Default pre-set values will be used for the system_prompt
and config
. You can find how to change these by checking the __init__
of the deployment.
Deployment input & output variables | Variable name | Data type |
---|---|---|
Input fields | prompt | string |
Output fields | output | string |
input | string | |
used_config | dictionary |
Note that we deploy to a GPU instance by default, which is not accessible in every project. You can contact us about this.
Let's start coding!
1. Set up a connection with the UbiOps API client¶
To use the UbiOps API from our notebook, we need to install the UbiOps Python Client Library first:
%pip install -qU ubiops
Now we can set up a connection with your UbiOps environment.
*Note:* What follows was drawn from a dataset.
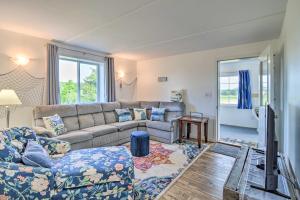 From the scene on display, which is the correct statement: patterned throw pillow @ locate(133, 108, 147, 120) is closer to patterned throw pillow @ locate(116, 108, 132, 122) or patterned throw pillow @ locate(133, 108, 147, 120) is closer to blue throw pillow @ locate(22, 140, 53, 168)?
patterned throw pillow @ locate(116, 108, 132, 122)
To do this we will need the name of your UbiOps project and an API token with the project_editor
permissions.
You can paste your project name and API token in the code block below before running.
import ubiops
from datetime import datetime
API_TOKEN = "<INSERT API_TOKEN WITH PROJECT EDITOR RIGHTS>" # Make sure this is in the format "Token token-code"
PROJECT_NAME = "<INSERT PROJECT NAME IN YOUR ACCOUNT>"
HF_TOKEN = "<ENTER YOUR HF TOKEN WITH ACCESS TO LLAMA REPO HERE>" # We need this token to download the model from Huggingface
DEPLOYMENT_NAME = f"llama-3-1-8b-{datetime.now().date()}"
DEPLOYMENT_VERSION = "v1"
# Initialize client library
configuration = ubiops.Configuration(host="https://api.ubiops.com/v2.1")
configuration.api_key["Authorization"] = API_TOKEN
# Establish a connection
client = ubiops.ApiClient(configuration)
api = ubiops.CoreApi(client)
print(api.projects_get(PROJECT_NAME))
2. Setting up the environment¶
The environment that our model runs in can be managed separately. To do this we need to select a base environment, to which we will add additional dependencies.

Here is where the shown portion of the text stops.